Stored items from a collection:
★ ★ ★ ★ ★ ★ ★

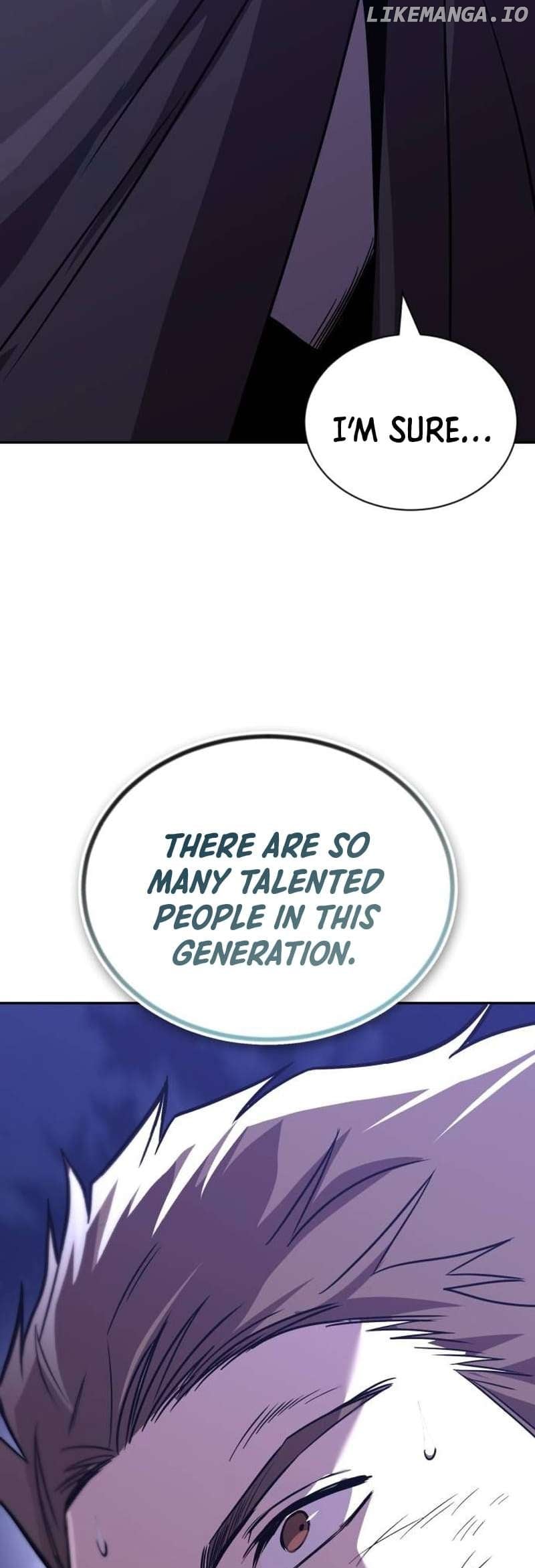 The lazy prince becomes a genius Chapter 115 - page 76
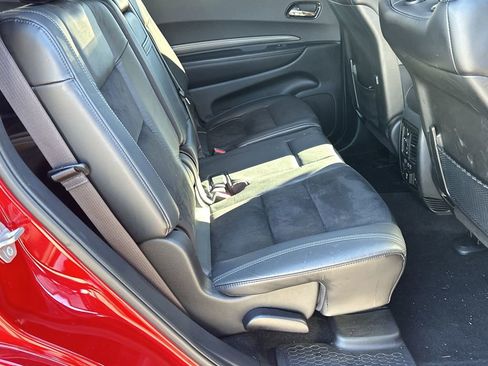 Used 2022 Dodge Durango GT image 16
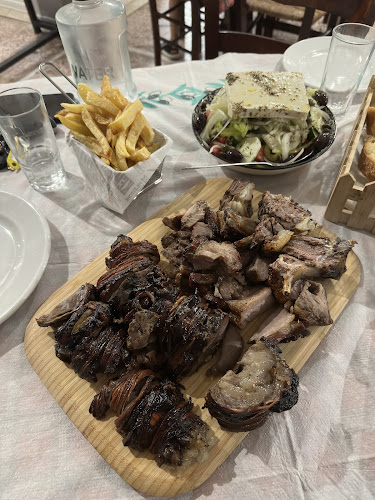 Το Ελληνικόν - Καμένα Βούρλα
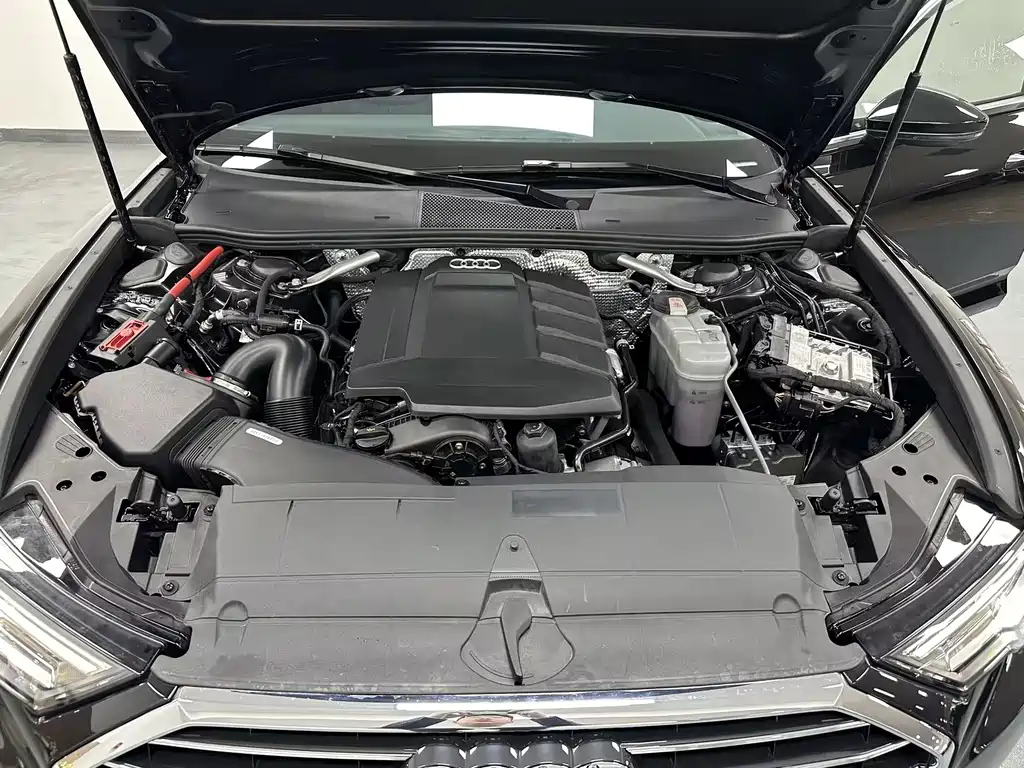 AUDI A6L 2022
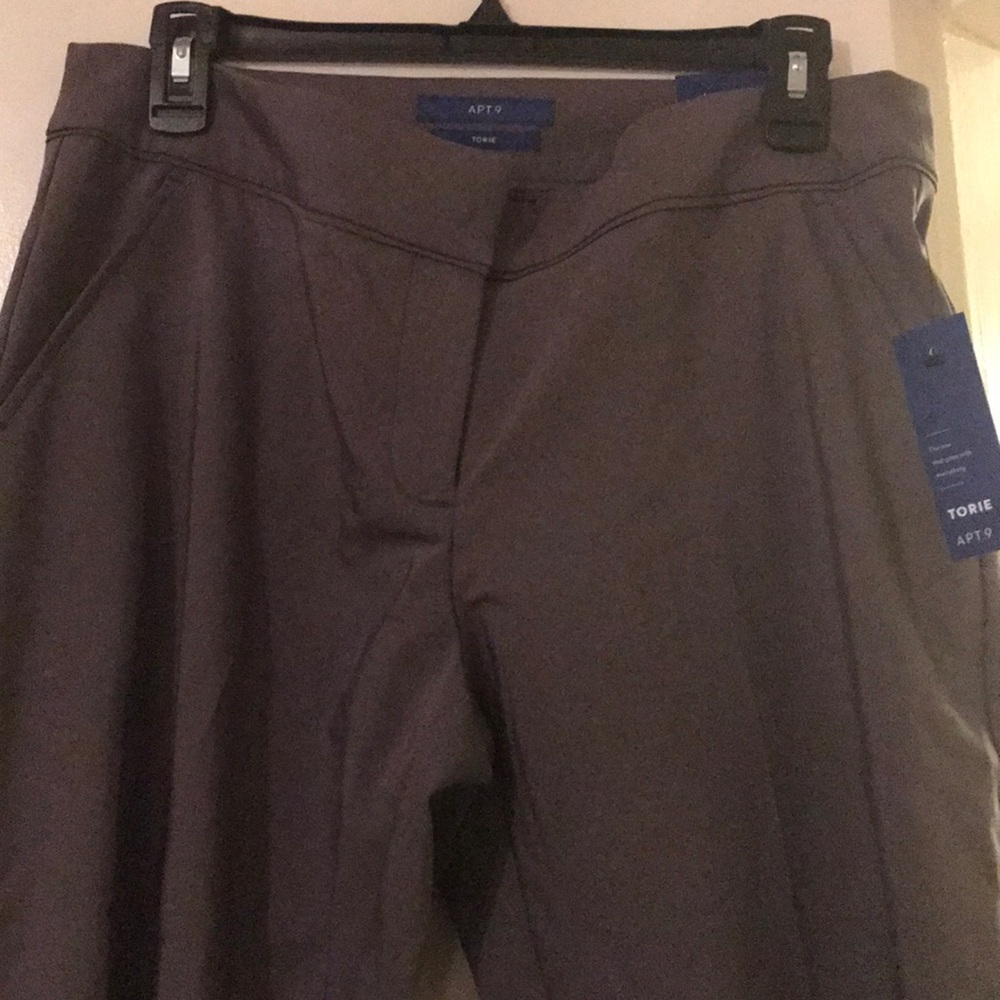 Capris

★ ★ ★ ★ ★ ★ ★

Once the pictures are removed, set down what remains of the entries above exactly.

Reply to the exercise:
 The lazy prince becomes a genius Chapter 115 - page 76
 Used 2022 Dodge Durango GT image 16
 Το Ελληνικόν - Καμένα Βούρλα
 AUDI A6L 2022
 Capris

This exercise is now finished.